Before Tisch was awarded the 2013 Visionary Award, clips from some of his films, such as “Forrest Gump,” “The Pursuit of Happyness” and “The Weather Man,” rolled for the crowd. Friedkin wasn’t offered the same kind of tribute when he was awarded with the 2013 Visionary Icon Award, but he figured that was due to the nature of much of his work, including R-rated “The French Connection” and “The Exorcist.”
“I was going to run some of my own film clips as Steve did, but they’re all X-rated,” he joked. “Just search your memory for some of the stuff that when on, and I think you’ll get it.”
The last award of the evening went to Lorre, who received the 2013 Rodney Respect Award, presented by Bob Newhart. The Rodney Respect Award is named in honor of comedian Rodney Dangerfield and his trademark “no respect” joke. He died in 2004, and was treated at UCLA before his passing.
His widow, Joan Dangerfield, spoke about the award on behalf of her late husband, and how he was afraid he wouldn’t be funny anymore after undergoing brain surgery.
“He said, ‘Honey, if I wasn’t in show business, I don’t know what I’d do,” she recalled Rodney saying. “’I’m too jealous to be your pimp.’”
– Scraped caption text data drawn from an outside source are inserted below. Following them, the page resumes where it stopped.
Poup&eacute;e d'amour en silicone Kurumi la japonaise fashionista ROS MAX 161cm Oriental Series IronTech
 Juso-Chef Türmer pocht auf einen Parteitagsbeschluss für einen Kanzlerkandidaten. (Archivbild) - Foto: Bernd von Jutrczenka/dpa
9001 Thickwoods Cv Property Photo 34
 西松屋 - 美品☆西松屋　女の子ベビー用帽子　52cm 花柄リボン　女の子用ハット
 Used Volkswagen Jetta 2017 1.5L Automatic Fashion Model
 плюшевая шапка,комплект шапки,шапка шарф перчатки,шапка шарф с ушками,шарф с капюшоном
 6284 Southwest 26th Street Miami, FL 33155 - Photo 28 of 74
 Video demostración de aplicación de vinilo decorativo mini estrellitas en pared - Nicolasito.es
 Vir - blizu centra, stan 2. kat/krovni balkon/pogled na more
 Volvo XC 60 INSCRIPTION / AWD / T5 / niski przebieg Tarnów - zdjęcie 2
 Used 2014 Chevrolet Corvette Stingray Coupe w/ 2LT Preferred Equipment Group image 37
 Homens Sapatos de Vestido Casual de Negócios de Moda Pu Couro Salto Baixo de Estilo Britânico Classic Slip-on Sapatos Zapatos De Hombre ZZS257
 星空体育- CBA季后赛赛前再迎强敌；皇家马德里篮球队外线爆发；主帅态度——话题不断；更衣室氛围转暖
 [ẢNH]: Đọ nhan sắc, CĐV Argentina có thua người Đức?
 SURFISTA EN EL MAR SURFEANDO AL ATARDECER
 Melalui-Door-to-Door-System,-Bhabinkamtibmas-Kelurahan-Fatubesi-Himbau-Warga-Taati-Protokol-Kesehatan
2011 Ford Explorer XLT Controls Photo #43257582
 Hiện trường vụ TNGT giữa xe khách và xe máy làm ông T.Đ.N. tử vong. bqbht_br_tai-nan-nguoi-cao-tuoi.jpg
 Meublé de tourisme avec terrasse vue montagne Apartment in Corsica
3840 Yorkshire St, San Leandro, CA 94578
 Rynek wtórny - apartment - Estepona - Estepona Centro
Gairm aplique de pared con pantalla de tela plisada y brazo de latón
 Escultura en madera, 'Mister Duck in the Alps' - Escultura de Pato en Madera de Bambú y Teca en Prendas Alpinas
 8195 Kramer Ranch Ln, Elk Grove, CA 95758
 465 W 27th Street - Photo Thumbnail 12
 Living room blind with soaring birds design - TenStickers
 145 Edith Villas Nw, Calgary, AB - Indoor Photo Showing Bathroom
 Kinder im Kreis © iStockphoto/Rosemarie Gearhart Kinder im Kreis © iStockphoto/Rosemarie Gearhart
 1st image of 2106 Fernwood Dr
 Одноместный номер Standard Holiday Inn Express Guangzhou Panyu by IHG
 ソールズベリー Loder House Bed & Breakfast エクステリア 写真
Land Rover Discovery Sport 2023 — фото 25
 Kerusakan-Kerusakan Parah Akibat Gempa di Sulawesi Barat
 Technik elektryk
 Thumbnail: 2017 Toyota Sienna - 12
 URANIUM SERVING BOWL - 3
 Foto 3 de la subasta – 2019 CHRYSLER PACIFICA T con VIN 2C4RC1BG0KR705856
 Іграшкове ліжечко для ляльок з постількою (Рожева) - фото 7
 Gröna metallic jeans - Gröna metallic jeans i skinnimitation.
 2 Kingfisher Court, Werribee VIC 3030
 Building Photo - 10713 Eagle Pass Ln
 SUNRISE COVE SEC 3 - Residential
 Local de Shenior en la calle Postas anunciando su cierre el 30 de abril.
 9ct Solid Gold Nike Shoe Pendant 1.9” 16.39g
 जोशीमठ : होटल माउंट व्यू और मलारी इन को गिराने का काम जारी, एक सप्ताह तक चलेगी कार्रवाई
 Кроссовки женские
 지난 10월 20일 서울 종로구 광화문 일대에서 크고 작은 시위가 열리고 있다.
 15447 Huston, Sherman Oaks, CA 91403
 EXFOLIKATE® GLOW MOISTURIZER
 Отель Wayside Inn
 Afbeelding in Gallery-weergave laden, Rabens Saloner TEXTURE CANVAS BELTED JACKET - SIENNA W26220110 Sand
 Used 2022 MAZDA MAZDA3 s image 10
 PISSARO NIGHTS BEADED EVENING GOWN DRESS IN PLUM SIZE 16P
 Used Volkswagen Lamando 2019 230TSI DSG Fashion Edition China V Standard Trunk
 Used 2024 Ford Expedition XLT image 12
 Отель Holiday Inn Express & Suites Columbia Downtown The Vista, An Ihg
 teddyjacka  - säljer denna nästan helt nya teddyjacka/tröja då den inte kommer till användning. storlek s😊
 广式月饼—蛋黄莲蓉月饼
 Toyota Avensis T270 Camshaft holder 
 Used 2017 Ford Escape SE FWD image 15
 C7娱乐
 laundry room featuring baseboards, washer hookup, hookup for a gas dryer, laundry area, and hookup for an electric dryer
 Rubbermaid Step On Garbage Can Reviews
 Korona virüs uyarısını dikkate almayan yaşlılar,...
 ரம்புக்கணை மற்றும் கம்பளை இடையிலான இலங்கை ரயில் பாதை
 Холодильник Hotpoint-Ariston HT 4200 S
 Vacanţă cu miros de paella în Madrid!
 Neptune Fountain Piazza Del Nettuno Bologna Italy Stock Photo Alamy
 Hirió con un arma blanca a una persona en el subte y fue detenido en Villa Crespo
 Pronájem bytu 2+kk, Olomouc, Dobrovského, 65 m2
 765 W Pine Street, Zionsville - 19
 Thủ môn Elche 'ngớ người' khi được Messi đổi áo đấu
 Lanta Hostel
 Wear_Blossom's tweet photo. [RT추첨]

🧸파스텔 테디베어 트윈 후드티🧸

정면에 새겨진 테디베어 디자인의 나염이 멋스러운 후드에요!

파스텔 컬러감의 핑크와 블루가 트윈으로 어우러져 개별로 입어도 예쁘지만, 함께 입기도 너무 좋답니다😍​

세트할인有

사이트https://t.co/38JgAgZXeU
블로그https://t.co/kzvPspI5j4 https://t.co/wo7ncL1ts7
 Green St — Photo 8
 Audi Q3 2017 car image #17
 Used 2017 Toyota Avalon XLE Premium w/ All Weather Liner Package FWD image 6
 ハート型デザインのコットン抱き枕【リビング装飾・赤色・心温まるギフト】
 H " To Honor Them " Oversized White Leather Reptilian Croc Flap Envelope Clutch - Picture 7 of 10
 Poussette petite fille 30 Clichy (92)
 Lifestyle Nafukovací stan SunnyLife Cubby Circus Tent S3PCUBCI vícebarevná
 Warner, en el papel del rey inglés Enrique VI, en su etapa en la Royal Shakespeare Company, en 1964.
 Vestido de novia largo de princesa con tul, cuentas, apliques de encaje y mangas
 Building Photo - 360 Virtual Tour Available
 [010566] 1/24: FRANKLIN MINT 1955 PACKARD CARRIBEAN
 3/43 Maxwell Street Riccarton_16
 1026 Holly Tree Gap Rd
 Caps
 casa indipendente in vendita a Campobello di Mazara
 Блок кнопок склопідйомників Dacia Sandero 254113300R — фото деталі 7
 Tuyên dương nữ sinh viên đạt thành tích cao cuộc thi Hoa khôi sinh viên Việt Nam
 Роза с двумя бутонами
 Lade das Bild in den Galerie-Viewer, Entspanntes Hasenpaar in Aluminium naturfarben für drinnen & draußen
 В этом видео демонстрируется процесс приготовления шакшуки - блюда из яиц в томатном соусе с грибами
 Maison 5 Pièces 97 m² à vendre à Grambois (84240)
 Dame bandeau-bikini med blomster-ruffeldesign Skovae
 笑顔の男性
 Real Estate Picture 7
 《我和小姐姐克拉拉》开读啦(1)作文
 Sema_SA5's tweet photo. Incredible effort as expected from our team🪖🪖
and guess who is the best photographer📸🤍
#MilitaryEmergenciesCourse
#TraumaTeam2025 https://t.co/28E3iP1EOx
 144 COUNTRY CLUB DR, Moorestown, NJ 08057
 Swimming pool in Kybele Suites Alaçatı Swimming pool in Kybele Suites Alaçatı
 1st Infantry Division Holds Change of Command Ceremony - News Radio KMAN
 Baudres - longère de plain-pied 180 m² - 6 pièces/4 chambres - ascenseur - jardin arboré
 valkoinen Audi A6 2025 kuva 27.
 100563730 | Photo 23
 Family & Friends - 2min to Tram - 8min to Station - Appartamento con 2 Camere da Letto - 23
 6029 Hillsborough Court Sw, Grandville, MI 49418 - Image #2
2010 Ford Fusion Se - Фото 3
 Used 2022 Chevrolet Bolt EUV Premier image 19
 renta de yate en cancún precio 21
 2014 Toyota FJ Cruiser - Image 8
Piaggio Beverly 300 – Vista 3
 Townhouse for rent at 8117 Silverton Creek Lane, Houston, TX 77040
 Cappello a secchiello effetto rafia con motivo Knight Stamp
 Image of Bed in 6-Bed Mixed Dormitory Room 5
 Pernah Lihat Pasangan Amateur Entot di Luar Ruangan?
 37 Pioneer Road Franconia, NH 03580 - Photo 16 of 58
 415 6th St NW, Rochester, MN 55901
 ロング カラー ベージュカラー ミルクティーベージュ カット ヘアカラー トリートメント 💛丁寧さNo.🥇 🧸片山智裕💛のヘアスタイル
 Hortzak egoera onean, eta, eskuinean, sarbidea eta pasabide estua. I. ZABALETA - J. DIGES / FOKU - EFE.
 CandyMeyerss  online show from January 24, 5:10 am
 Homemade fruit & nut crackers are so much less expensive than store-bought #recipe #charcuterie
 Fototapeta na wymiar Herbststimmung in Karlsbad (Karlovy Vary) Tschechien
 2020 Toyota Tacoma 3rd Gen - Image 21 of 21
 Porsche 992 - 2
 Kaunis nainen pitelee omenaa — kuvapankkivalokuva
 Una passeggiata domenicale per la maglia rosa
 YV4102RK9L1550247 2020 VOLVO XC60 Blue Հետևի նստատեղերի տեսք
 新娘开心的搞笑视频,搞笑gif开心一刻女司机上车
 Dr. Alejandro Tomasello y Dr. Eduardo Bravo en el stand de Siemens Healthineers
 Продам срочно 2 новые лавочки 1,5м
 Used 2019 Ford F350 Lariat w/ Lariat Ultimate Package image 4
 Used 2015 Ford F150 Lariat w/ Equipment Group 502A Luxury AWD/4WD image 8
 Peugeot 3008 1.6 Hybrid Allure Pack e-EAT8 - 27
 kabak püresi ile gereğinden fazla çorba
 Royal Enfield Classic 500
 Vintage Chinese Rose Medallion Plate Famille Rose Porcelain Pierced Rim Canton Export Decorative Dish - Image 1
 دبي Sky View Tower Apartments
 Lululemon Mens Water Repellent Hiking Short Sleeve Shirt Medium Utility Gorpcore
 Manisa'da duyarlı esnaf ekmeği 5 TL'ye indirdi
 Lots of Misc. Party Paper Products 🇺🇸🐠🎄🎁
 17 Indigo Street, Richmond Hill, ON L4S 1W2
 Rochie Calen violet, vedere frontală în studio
Lorre continued the laughs when accepting his award. He joked that the show made him wish he had brain surgery, as the people who have “seem so happy after it,” and ended the show with a tongue-in-check prayer for brain surgeons.
“God, thank you for bringing surgeons. Please look after them. Guide their laser scalpels as they repair aneurysms, remove tumors and generally fix up your shoddy workmanship,” he said to a laughing crowd. “And most importantly, God, please see that they’re paid extraordinary amounts of money so they’re not burning with resentment while operating on the brains of middle-aged, college dropout sitcom writers who, quite unjustly, make so much more money than they do.”
Attendees were also treated to musical performances by Brad Carter and Randy Newman.